Playfully supporting system change

Stephen Blyth

 

Playful ways of engaging people in a way that gets people’s attention – a laugh or a smile is vital.  If we are browbeaten into being involved, who’s going to last?

 

Stephen Blyth works to empower people in Tangata Whenua, community and volunteer groups.  He is a Net Squared Ambassador and we talk about that role – it’s not about a long list of apps, but about getting a better understanding of where technology fits in to support social change.  Stephen found himself helping to create the first version of CommunityNet Aotearoa in 1998.  He’s barely turned his back on the community and the internet ever since. After leading this pioneering community website he has worked in a wide variety of advisory, capacity building and communications roles for government agencies, and tangata whenua, commuity and voluntary sector organisations. Currently he is instigator of Common Knowledge, a provider of services to good causes to help them effectively use the web, and works part-time for Community Research.

Talking points

I decided to spend my career involved in change.

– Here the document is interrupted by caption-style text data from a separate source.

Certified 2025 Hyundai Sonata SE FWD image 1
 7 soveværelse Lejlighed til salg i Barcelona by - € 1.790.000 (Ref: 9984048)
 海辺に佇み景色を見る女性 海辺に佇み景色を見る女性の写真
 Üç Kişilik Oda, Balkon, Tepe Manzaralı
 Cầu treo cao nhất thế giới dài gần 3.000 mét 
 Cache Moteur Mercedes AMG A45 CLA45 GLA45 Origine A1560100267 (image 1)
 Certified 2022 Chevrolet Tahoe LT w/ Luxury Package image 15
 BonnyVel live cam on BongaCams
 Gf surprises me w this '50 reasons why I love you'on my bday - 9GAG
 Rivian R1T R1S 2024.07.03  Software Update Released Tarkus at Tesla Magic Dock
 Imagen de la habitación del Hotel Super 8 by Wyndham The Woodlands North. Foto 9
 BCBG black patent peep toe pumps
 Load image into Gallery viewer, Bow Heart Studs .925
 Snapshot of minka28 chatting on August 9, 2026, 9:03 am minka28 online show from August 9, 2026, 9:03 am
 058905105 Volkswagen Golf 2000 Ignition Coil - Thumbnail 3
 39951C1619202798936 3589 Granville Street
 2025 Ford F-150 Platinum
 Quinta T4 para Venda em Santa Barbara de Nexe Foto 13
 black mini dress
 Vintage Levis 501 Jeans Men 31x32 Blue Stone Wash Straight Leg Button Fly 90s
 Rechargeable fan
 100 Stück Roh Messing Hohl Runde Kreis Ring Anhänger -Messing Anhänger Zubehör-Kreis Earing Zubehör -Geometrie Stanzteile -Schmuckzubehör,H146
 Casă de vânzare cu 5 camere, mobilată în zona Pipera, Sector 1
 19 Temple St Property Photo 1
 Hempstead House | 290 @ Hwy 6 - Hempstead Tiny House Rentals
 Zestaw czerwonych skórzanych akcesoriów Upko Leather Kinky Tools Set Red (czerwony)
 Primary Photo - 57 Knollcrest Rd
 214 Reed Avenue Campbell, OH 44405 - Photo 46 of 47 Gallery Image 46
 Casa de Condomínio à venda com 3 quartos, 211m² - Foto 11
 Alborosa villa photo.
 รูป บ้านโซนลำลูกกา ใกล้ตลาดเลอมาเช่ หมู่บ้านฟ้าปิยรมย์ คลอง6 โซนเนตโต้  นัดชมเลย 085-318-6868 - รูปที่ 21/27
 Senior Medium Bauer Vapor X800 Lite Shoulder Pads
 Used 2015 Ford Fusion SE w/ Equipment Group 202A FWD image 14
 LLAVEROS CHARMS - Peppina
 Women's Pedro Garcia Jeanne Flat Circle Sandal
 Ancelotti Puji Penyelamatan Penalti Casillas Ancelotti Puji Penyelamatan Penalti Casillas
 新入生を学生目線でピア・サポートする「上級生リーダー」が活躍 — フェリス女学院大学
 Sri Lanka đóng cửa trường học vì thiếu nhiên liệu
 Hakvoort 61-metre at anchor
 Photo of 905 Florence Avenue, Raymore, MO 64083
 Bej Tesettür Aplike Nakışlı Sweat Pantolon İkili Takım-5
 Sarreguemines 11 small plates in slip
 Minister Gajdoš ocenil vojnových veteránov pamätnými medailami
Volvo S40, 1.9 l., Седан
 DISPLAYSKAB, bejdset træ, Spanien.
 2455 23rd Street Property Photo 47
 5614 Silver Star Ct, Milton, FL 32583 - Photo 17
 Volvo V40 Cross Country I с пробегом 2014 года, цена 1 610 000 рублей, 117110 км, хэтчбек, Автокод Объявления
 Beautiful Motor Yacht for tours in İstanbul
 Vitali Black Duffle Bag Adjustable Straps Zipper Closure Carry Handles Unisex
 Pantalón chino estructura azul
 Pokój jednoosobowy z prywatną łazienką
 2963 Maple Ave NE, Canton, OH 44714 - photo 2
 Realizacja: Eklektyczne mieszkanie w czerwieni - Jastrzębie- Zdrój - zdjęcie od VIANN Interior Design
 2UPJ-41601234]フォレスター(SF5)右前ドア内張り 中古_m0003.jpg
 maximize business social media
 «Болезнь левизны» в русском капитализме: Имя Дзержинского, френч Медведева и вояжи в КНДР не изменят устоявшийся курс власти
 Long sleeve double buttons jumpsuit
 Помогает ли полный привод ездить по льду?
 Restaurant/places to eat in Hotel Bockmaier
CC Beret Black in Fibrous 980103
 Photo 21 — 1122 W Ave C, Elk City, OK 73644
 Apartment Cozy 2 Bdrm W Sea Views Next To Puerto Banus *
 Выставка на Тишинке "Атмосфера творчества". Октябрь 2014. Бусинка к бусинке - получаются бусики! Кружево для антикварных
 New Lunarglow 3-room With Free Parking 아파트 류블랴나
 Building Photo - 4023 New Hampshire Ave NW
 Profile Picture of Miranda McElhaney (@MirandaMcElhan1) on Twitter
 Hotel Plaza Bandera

There’s a large number of people on the planet, we’re a finite planet, the quality of life that we’re experiencing is very different in different parts of the world and even within our own country.

I believe that everyone could have a good life, with rewarding work, healthy families in an environment that is sustained for all our future generations.  But unfortunately we seem to be trapped in a pattern that is going against the inbuilt and inherent care that we as humans have for other people.

What has to change is quite a lot, but in a way it’s getting back to living out some of the human values that have been brushed over in what I consider a very materialistic, individualistic society.

It’s not about doing without. The way that we live,  highly urbanised, driving everywhere, thinking that we can buy happiness – just doesn’t gel for me.

We really have to fight to make sure that other world views are heard.

We need the time to create things, we’ve gotten sucked into the idea that we have to buy everything.

A 40 hour work week is the norm – more for many people –  is that as satisfying as it could be for an individual,  or could some richness and other benefits come from being part of an active community?

People participating on their own terms.

Often in a workplace the work is about the skills and experience you bring, but not about you – you have to leave yourself at the door – there’s not a role for the fuller complexity of your life.  In a community setting you can be more yourself.

We undervalue the important services, but its not about the individuals, it’s about the structure that we’re in, and it’s a structure of great inequality.

There’s an inbuilt inertia and an inbuilt set of set of incentives for a certain group of people to maintain things as they are.

There’s a different way of doing things, we don’t all have to become mini-businesses.

We’ve held ourselves hostage to a set of assumptions that a health society is about growth.

The danger of monetising everything, costing harm as monetary harm, that it leads “pay it  off, pay some money and eliminate the harm”  – but its a falsehood – the harm still exists.

I want to encourage more cooperation – individual achievements still respected, but people coming together in a common place.